Saturday, July 18, 2009

Day 28: June 28, 2009 (first class vacation)

Position: Traveler
Number of Drinks on Plane: 4-5
Plane Ticket Price: $50-$70 
Hot Towels: 1
Hours: 1hr 53min

For my vacation, I'm headed to Playa Del Carmen, Mexico. Since my brother is a pilot for Continental Express, I get ridiculously cheap flights anywhere Continental flies. I hop a regular standby flight to Houston, then, while trying to trade my Cancun standby pass in for a seat, the gate agents ask if I want first class. "How much will that cost me?" I ask. Ten to twenty dollars. "Why not?" 

I get to board early with all the other first class passengers, and the flight attendant immediately asks if I'd like something to drink. I think of the nicest beer I can. "Heineken, please." It's been a long time since I've had Heineken, and it tastes wonderful. The other passengers begin boarding the plane and have to pass by me and the rest of the first-classers drinking our cocktails and beers. I feel a mixed sense of pleasure and guilt, a little, "Look at those poor suckers," and, "God, I feel like an asshole; does anyone want some of my beer?" But I have to say, I also feel special. I imagine each person passing by notices my less than impressive wardrobe––brown cords with worn knees and a hole from my bike chain, hand-me-down collared shirt that appears in the last three years of family Christmas photos, and dirty running shoes––and thinks, He must be someone famous; that's why he can dress that way. The rich can be as eccentric as they want.

After take-off, I order another Heineken, and it's served with, what's this, cashews not peanuts. Cashews seem so upper class while peanuts now seem somehow pedestrian. I look out my window and realize I don't have to deal with some pesky wing obscuring my view. Even the views are better in first class.

The pilot announces the crew will be through the cabin shortly with a beverage service, while first class will be getting a "cold plate." Jesus, are they trying to start a riot? We don't want those poor fools in coach to know what's going on up here. The pre-flight drink rub-in-the-face was bad enough. Oh, and now my beer is served with a real glass glass, not one of those wasteful plastic cups that holds a little more than a shot of soda or water.

Then the hot towels come. There's no other way to put it: the hot towel is the best kept secret of first class, worth the extra cost itself. We all wipe our faces down, like we've been working and sweating all day, in preparation for our cold plates, which makes its own kind of sense. We throw the now tepid towels wherever we want––arm rest, tray––and the flight attendant picks them up with silver tongs.

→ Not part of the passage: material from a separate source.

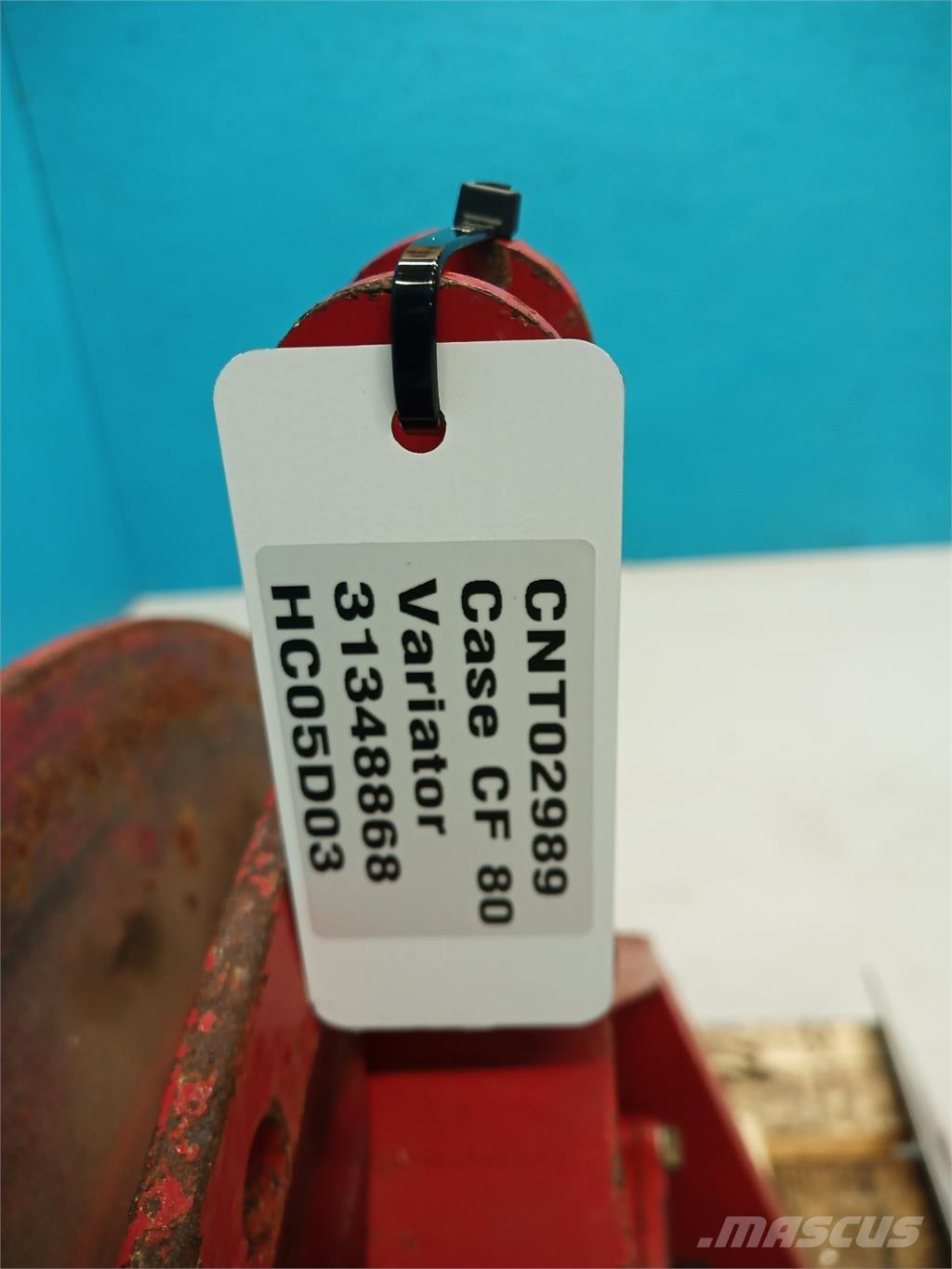CASE CF80 Ostale poljoprivredne mašine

I ask what comes on the cold plate, and then order mine without meat. The cold plate is served on a bed of lettuce covering a white, ceramic plate. There are a variety of cheeses, a fruit bowl (containing strawberries, cantaloupe, grapes, and melon), crackers, a cucumber slice (how silly of me to confuse it with a proletariat pickle slice), an empty space where the meat was supposed to be, and a nut brownie bar. I unravel my real silverware from the green, cloth napkin and attack the cheeses and fruit like a homeless man who hasn't eaten in a week.

Though my beer is still nearly full, they offer red or white wine with the cold plate. I choose white. It's summer, why not? So I'm double fisting in first class, and I glance around to see how my fellow first-classers are doing. I'm looking for that knowing nod the wealthy use among themselves. We're all in this together. We get it, they don't. But all I see among the chosen twenty are mostly white people, half of whom could be firmly placed in the husky to overweight category. They lift meats and cheeses to their mouths or swish wine. 

After they remove my plate, I order another Heineken and settle into my large, comfortable seat, thinking a nap is in order. When I'm halfway through my beer, the super cool, African-American flight attendant walks down the aisle holding a bottle of each kind of wine in her hands. "Hey, y'all, we only got twenty-five minutes. Who wants some more wine?" Everybody laughs, and I ask for more white. It's like a party up here. 

So this is what being wealthy is all about: getting the good stuff and feeling special, one big party. I wonder to myself: Were the three beers, wine and cold plate worth the extra $50-$110 for the other first-classers (turns out it was only "business class"––the gate agents misspoke) and $20 for me? That's almost the same price as drinking in coach. Yes, it's only money (if you have it), and there's no guarantee this bird isn't going into the big drink today.

I stretch out my legs and pine for another hot towel. Then I look out at the beautiful, aquamarine water surrounding a coral reef in the ocean below, while a soldier on R&R with his wife in row one talks about the military suicide rate in Afghanistan to another passenger, and I think I might order one more bag of cashews to tuck away and eat in my $8 hostel room tonight.